This basically a copy of an earlier answer of mine, mutatis mutandis:
It's not free itself that depends on liblzma. Use lddtree from pax-utils (sudo apt install pax-utils) to see the dependency tree:
# lddtree $(command -v free)
free => /usr/bin/free (interpreter => /lib/ld-linux-aarch64.so.1)
libprocps.so.8 => /lib/aarch64-linux-gnu/libprocps.so.8
libsystemd.so.0 => /lib/aarch64-linux-gnu/libsystemd.so.0
liblzma.so.5 => /lib/aarch64-linux-gnu/liblzma.so.5
libzstd.so.1 => /lib/aarch64-linux-gnu/libzstd.so.1
liblz4.so.1 => /lib/aarch64-linux-gnu/liblz4.so.1
libcap.so.2 => /lib/aarch64-linux-gnu/libcap.so.2
libgcrypt.so.20 => /lib/aarch64-linux-gnu/libgcrypt.so.20
libgpg-error.so.0 => /lib/aarch64-linux-gnu/libgpg-error.so.0
libc.so.6 => /lib/aarch64-linux-gnu/libc.so.6
ld-linux-aarch64.so.1 => /lib/ld-linux-aarch64.so.1
ldd shows all shared libraries that the file links to, including indirect dependencies.
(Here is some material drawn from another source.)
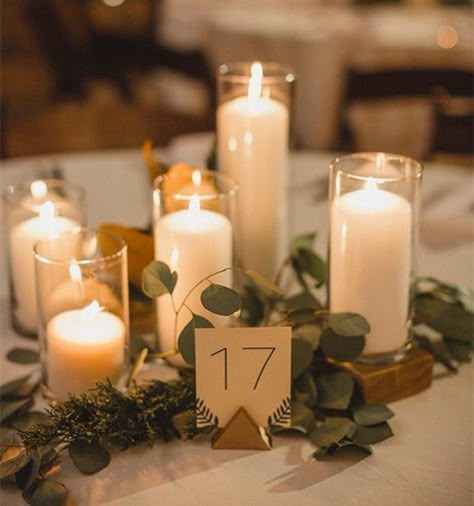 Centerpieces with seeded eucalyptus, gold accents, glass cylinders. Round Table Centerpieces, Romantic Centerpieces, Rehearsal Dinner Decorations, Frugal Wedding, Tafel Decor, Wedding Floral Centerpieces, Dinner Decoration, Wedding Table Decorations, Candle Centerpieces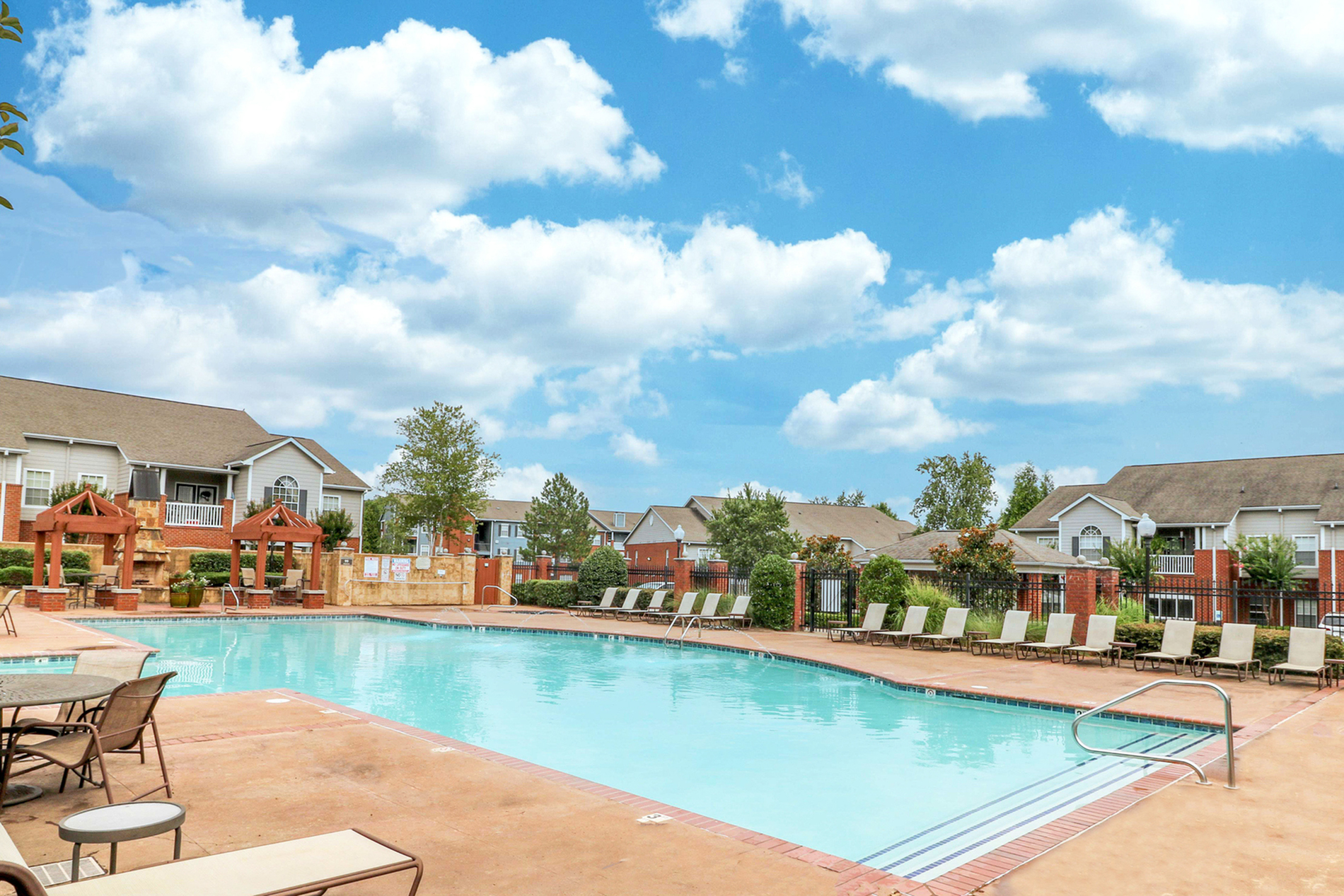 Inviting apartment complex with a large, sparkling swimming pool surrounded by lounge chairs, lush landscaping, and charming brick architecture under a bright blue sky.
free is from the procps collection of tools, and naturally these tools use a shared library for common functionality. Some of this functionality might be used by only some procps tools, though. In this case, ps and other tools support systemd-related constructs (e.g., ps can output the systemd unit of a process). So it links to the systemd library, which in turn brings in these compression libraries. (Not sure what systemd uses them for, maybe compressing core dump files or something like that.)
However, free doesn't seem to use any systemd-related functionality, AFAICT. (The source code is relatively simple, if you want to check it out.) It just happens to link to a library the links to a systemd library that links to several compression libraries.